Biden takes a step toward $15 federal minimum wage
Among his executive actions Friday, President Joe Biden set the stage for raising the minimum wage for federal contractors and employees to $15 an hour.
Technically, he asked the Office of Personnel Management to come up with recommendations on doing that. But it’s laying the groundwork for a broader push to raise the federal minimum wage across the board. It has been stuck at $7.25 since 2009.

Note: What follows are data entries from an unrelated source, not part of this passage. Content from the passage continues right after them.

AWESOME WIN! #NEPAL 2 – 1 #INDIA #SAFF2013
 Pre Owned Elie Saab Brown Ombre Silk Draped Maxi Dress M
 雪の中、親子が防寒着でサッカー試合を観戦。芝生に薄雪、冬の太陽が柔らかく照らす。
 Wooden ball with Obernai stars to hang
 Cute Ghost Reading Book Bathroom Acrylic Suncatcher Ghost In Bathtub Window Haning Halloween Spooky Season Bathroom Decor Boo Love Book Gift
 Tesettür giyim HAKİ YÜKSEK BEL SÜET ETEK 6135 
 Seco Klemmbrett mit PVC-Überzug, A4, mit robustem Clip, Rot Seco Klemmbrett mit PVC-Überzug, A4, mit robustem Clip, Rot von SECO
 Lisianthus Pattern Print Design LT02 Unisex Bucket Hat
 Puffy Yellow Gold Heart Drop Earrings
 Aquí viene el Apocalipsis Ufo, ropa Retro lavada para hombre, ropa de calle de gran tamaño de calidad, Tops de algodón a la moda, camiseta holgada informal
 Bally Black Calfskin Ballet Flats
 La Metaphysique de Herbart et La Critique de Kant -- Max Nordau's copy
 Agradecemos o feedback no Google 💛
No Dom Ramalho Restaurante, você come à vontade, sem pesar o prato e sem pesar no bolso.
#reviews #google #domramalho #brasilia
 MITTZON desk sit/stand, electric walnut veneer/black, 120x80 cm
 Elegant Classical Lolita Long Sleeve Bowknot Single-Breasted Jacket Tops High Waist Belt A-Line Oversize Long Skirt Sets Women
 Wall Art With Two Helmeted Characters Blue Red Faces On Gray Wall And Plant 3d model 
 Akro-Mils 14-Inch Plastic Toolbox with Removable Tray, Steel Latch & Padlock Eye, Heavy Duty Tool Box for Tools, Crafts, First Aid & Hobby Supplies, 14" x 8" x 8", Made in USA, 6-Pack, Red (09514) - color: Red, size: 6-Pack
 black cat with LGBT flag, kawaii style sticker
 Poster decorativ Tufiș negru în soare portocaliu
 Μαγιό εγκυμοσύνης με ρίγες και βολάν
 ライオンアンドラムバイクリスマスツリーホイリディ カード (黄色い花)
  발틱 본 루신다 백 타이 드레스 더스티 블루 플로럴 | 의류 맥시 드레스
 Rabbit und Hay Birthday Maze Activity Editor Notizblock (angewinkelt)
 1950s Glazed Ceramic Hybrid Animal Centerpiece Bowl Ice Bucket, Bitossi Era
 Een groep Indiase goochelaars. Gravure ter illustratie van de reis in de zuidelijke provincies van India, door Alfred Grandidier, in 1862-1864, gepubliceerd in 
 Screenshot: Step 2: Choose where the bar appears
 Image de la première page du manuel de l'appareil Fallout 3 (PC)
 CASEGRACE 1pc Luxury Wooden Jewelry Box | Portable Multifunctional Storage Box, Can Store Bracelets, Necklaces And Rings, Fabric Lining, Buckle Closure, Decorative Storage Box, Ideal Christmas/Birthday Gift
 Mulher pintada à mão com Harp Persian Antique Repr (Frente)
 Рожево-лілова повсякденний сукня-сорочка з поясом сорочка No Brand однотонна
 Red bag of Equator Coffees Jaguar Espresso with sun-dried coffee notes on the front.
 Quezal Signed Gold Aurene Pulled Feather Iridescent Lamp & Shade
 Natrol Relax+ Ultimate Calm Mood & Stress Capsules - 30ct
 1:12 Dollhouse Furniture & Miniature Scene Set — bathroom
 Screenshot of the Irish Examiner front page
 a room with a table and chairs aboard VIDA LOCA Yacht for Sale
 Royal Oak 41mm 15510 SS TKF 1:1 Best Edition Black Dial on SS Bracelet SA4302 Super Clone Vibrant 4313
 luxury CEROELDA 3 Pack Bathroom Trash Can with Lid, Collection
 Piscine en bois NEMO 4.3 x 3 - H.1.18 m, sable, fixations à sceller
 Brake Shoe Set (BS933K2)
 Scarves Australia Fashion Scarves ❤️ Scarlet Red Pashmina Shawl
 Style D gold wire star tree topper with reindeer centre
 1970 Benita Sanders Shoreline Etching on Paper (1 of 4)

“It’s an interesting pragmatic approach to first say ‘Let me go out and get the information,'” said Andy Challenger, senior vice president of outplacement firm Challenger, Gray & Christmas.
Biden is starting with contractors, but he campaigned on raising the federal minimum wage for everyone. It’s in his $1.9 trillion COVID-19 relief proposal.
“If it doesn’t go through COVID, I certainly think we will see legislation within the first 100 days to raise the minimum wage,” said Michael Lotito, who co-chairs the Littler law firm’s Workplace Policy Institute.
This is a fraught time to tackle minimum wage increases. On the one hand, it would take on long-standing inequities deepened by the pandemic, said Yana Rodgers, director of the Center for Women and Work at Rutgers School of Management.
“This is a better time than any of all to increase wages for low-wage workers because they’ve been hit particularly hard by the pandemic,” Rodgers said. And it would narrow gender and racial pay gaps, she added.
On the other hand, many small businesses are operating on a knife’s edge during this downturn, Challenger said, and “pressure on wages is going to be a very difficult pill for many businesses to swallow at the moment.”
There are compromise options like allowing regional variations, exceptions for economic downturns or raising the minimum wage slowly. That’s what Florida voters approved in November, phasing in a $15 minimum wage even in that solidly purple state.
Challenger also said public opinion in favor of the raise seems to be growing.
“An increase in the minimum wage seems to be more popular than at any point I can recently remember among the population,” he said.
There are already 29 states that have passed laws requiring minimum wages higher than the federal level.